REQUIRED WORK
Since the records include pictures, leave those out while you reproduce exactly and only the lines from the one containing "Variable friction control" through the one containing "Hello everyone! So", inclusive.
Segment Start: DATA SUPPLIED
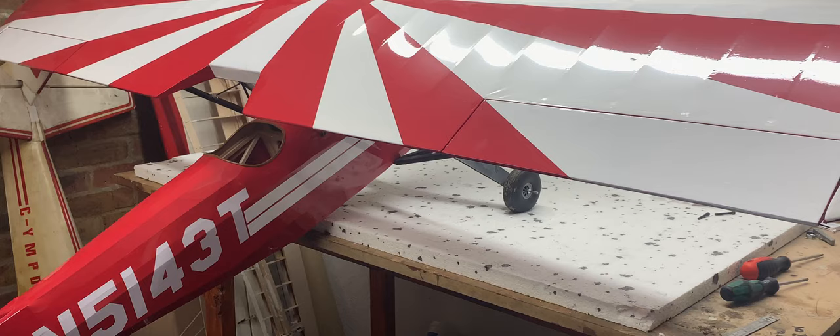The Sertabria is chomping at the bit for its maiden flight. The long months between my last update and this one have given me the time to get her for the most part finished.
Segment End: DATA SUPPLIED
Segment Start: DATA SUPPLIED
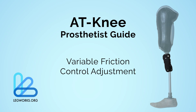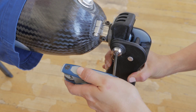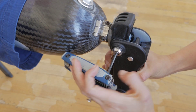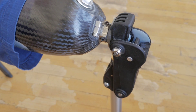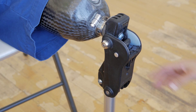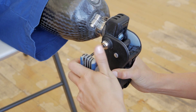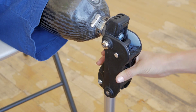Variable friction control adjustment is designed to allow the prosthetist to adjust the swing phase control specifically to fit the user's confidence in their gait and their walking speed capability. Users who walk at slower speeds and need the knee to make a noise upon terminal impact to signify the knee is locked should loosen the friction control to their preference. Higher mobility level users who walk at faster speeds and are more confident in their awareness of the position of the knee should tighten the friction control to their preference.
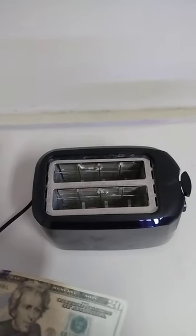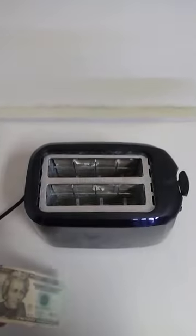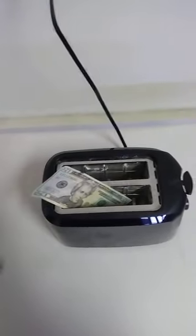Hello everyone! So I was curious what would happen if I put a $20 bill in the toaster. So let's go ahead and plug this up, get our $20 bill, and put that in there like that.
Segment End: DATA SUPPLIED
Segment Start: DATA SUPPLIED
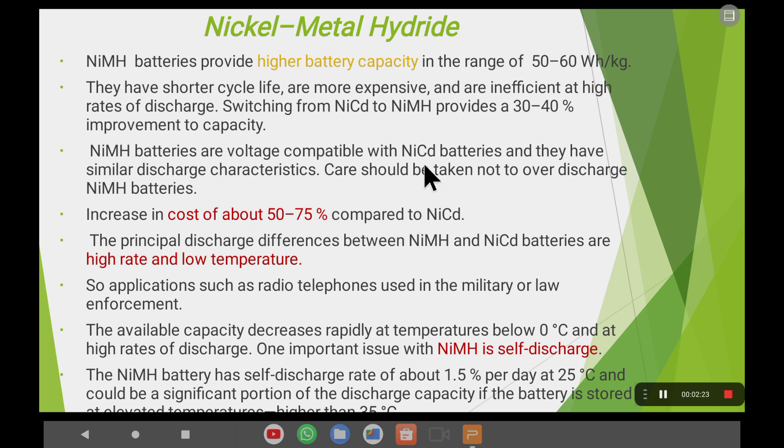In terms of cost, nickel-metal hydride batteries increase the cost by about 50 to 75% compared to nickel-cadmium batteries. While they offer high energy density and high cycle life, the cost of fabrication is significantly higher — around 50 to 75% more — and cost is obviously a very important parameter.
Segment End: DATA SUPPLIED
WRITTEN SOLUTION
Variable friction control adjustment is designed to allow the prosthetist to adjust the swing phase control specifically to fit the user's confidence in their gait and their walking speed capability. Users who walk at slower speeds and need the knee to make a noise upon terminal impact to signify the knee is locked should loosen the friction control to their preference. Higher mobility level users who walk at faster speeds and are more confident in their awareness of the position of the knee should tighten the friction control to their preference.
Hello everyone! So I was curious what would happen if I put a $20 bill in the toaster. So let's go ahead and plug this up, get our $20 bill, and put that in there like that.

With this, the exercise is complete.